Article by Ellen Mary Dykas, Harvest USA
Josh had been at a new church for four months when Sara—his pastor’s wife—invited him to join their community group, which was a weekly gathering of both singles and married couples. Sara and her husband, Craig, wanted a group where married couples mentored singles.
Josh and Sara hit it off, and they discovered lots of common interests. Their conversation easily flowed during the fellowship time before the Bible study. Sara was surprised how much she missed Josh when he couldn’t attend. Josh realized that talking to Sara became the main reason he enjoyed the group. Not a big deal, it’s just talking.
Then the conversation time moved into texting. Not a big deal, everyone texts. But when the two of them began texting about community group issues, their sharing became more personal. Josh’s work stress and loneliness as a single man, and Sara’s challenges in being a pastor’s wife, gave them ways to grow more emotionally intimate with each other.
Then it happened. Their texting became a nightly ritual as Craig was often asleep by 9 p.m. and Sara, a night owl, would reach out to Josh to check in and see how he was in regards to his prayer requests. Their texting often lasted an hour or more. The warning line had long since been crossed.
One night Josh felt compelled to be honest and blurted out in a text: I think I’m in love with you. He waited nervously for her reply, and it came within seconds: Me too . . . my heart’s grown cold towards Craig. No one’s ever understood my heart the way you do. I need you. Her text gave Josh a rush of intoxication and yet, seeing her words jolted him: Sara was married, and her husband was his pastor!
Josh panicked. Now the reality of their too-close friendship hit him like a punch to the gut. What was so enjoyable and enriching was now an entangled mess. How would their friendship go forward? What if this got out? Would he have to leave the church? Would Sara’s marriage survive?
Discerning When Lines Are Crossed
Though Josh and Sara never touched one another, they had cultivated an unholy and messy relationship: an emotional affair. An emotional affair happens when a married person shares ongoing emotional intimacy with someone who is not his or her spouse, in a way that damages the marriage relationship. Singles can be guilty of emotional affairs, too, when they form inappropriately intimate relationships with a married person.
Many men and women miss the alarms going off when a relationship begins to cross obvious lines. They assume that because there’s no physical or sexual involvement, the relationship is okay.
But one day an awareness kicks in, and they realize it’s moving in the wrong direction.
If close friendships are an important God-given gift to us, how do we discern if boundaries are being crossed into a danger zone?
Questions to Ask
Here are some questions to help discern if your relationship has morphed into an emotional affair:
Is there any secrecy or deception involved in your interactions?

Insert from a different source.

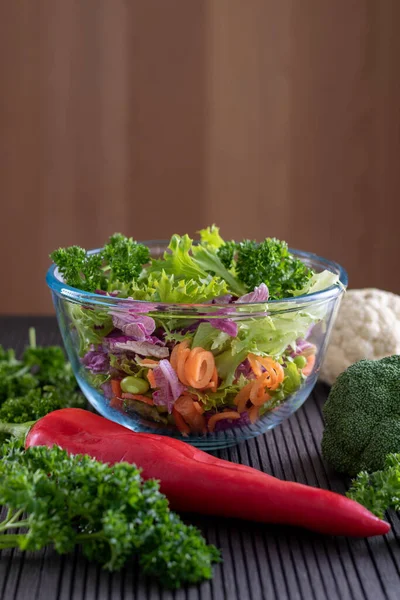 Fresh vegetables choped in the glass bowl with tomatos and parsley at foreground — Stock Photo, Image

How much contact are you in (face to face, over devices, social media, and so on), and how does it compare to how much time you connect with your spouse?
If you are single, how does your contact with this married person compare to other close friendships?
Do you have romantic feeling toward her/him? Sexual chemistry? Mental preoccupation? If yes to any of these, are you seeking to feed or flee from these tempting dynamics?
What is the content of your communication? How would your spouse (or mentor, pastor, close friend) react if she/he saw your texts or emails, or overheard your private conversations?
Does this relationship inspire you to obey Christ or to turn away from him? Does this relationship propel you toward your spouse, or away? Does this relationship motivate you to invest more passionately in loving other people, or to isolate yourself and focus on this one person?
Brother or sister, if these questions (and your answers) make you uncomfortable about this relationship: PAUSE! HALT! STOP! You—and your friend—are in danger.
God wants us to have rich and meaningful relationships whether we are single or married. God delights in Christ-centered friendships that stay within the boundaries of his Word, boundaries that are healthy for both friends.
But God never intends for any of his good gifts to become a heart-hijacking reality that steals joy and betrays a spouse’s trust. He is committed to removing relational attachments which lead to sin and distraction. Emotional affairs are a cheap substitute for what God graciously gives: unfailing love and true intimacy of the deepest kind, which is ours in Christ.